“Tim Mount is a traditional artist from the UK.”
“Emma Mount was born with a pencil in her hand, and spent a lot of her childhood scribbling away furiously, her notebook came everywhere with her. Her early teens was lived in the 80′s, and she was hugely influenced by all the exotic women you started to see in pop videos like Duran Duran’s. She loved Nagel’s artwork like the Rio cover, and she also loved all the airbrushed Syd Brak women that were everywhere at that time. She used to draw all sorts, but started gravitating towards sketching from photos of fascinating women she saw in her mum’s fashion mags or her teen music mags. Her icons at the time were strong glamorous women like Debbie Harry and Kate Bush (and glam men of course like Bowie and Adam Ant). At the same time her fascination with the ‘dark side’ of life started to show itself as she discovered and grew up on Hammer Horror, the Addams Family, the Munsters, and started to build a collection of ghost/horror books that would influence her sketches.
She thinks her colourful oil portraits combine inspiration both from the influences of her youth, and from her many years working as a designer for a major cosmetics company in London.
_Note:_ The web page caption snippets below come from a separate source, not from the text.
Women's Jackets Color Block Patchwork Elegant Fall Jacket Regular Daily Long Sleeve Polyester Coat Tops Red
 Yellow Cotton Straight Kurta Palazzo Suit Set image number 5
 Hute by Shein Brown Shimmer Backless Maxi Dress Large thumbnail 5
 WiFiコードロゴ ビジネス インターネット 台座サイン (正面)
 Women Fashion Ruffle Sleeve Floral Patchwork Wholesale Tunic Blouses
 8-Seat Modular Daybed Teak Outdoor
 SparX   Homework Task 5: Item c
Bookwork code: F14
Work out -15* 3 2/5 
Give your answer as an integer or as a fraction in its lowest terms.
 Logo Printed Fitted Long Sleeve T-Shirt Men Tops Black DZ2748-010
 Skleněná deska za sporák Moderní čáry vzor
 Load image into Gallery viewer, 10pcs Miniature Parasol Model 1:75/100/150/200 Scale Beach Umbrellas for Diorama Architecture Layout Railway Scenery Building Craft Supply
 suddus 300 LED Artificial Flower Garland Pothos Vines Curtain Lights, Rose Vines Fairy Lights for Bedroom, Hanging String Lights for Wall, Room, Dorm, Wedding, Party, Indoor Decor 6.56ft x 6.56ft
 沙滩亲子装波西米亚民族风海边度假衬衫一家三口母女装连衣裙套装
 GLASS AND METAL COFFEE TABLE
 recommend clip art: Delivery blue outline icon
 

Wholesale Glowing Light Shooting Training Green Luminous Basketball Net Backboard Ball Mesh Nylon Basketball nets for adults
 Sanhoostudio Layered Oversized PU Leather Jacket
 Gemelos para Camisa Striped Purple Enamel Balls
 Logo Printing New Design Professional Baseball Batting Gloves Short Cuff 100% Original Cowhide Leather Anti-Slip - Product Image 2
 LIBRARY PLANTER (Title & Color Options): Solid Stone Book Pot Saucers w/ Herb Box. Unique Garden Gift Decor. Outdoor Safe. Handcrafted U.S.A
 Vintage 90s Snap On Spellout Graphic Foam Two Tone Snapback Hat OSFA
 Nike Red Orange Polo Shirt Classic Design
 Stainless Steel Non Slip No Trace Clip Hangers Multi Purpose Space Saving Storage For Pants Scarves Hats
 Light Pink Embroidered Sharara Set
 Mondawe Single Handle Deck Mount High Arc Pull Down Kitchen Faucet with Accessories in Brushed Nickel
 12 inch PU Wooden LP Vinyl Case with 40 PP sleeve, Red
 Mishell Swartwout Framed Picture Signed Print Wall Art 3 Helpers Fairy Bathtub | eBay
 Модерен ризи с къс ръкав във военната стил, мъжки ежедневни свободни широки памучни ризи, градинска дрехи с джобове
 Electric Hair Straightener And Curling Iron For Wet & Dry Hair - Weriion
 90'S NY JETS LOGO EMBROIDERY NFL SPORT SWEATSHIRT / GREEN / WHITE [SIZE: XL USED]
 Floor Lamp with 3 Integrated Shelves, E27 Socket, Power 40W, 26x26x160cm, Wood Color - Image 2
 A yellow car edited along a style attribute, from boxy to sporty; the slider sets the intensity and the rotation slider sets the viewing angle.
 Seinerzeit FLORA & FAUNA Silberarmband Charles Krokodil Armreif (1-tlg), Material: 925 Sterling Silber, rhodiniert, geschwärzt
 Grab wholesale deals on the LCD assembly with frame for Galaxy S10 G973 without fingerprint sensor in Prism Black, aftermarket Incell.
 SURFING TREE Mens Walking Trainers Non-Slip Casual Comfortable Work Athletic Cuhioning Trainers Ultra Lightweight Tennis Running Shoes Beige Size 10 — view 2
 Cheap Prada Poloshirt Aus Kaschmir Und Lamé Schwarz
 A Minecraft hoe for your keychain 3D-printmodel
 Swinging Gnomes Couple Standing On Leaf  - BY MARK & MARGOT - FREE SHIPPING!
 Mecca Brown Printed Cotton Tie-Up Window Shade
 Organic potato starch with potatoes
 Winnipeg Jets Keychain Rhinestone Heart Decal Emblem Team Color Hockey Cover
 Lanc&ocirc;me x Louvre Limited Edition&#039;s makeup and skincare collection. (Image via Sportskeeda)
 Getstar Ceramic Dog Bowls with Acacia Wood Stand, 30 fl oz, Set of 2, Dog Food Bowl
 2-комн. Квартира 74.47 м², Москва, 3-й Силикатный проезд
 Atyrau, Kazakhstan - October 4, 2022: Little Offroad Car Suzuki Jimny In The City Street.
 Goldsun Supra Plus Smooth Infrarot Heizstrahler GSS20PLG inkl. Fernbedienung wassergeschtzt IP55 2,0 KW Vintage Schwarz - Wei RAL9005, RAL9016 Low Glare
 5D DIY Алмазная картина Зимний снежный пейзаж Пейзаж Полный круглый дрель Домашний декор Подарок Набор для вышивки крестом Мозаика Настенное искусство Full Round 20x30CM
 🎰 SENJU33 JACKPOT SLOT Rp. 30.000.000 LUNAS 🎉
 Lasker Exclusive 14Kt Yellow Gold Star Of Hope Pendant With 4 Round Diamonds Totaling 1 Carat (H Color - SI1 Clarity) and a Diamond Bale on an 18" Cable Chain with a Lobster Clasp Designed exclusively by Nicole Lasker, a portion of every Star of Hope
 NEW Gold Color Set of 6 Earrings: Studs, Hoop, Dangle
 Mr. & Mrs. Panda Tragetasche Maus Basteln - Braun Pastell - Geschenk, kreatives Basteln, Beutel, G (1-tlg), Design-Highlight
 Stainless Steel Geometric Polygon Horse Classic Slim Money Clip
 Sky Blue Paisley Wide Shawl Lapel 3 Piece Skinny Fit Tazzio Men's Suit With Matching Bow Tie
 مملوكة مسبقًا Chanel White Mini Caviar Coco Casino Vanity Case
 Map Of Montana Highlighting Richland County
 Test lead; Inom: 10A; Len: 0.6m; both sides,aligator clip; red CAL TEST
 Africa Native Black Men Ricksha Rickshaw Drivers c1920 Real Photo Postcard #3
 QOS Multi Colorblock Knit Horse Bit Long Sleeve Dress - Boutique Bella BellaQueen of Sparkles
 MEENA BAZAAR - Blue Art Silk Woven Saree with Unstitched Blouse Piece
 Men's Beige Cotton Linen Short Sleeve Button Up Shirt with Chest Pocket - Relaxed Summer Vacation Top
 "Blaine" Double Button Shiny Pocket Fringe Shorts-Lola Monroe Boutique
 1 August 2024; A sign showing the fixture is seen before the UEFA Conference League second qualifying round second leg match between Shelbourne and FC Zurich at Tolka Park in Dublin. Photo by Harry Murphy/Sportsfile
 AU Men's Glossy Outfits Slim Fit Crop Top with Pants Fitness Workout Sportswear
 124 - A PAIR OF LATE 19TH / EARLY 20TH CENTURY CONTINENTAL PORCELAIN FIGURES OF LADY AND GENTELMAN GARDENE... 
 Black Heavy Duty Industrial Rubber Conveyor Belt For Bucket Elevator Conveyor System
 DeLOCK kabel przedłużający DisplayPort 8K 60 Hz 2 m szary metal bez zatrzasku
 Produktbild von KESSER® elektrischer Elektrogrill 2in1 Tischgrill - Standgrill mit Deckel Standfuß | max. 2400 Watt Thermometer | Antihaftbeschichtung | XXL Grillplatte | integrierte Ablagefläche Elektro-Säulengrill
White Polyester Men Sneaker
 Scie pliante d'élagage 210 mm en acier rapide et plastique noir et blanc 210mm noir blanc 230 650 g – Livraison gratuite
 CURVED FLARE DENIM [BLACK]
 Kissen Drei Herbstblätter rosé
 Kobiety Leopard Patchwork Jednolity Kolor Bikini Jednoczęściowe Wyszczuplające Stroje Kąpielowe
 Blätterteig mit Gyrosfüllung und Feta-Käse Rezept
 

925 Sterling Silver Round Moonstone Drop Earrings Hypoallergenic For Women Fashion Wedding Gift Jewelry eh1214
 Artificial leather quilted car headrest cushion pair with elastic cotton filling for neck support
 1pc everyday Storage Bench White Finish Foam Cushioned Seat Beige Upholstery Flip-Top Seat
She has had a lifelong love of fashion, glamour, kitsch, pin-ups as well as all things ghoulish. Having worked as a designer she is very much caught up in the excitement of creation, and she loves the endless creative possibilities that come from painting, and making a canvas come to life.
She tries to paint subjects who are a little provocative, or challenging, or cheeky or unconventional. She likes the painting to have some ‘life’ or attitude about it. Its great to look to the burlesque world and challenge the conventional idea of what is beautiful, as a woman Emma is bored of body image and ideas of beauty fed to us in the media. She likes that these girls have an interesting mix of nostalgia (in their costumes), as well as being totally modern women, they are not afraid to be who they want, a fantasy even. She likes to make a tribute to them in some way, immortalise them in that moment, celebrating who they are and what they love to do – by doing what she loves to do. And the same goes for her series of film icons, its total nostalgia on her part, and again, a need to make some kind of tribute to those who have influenced her.”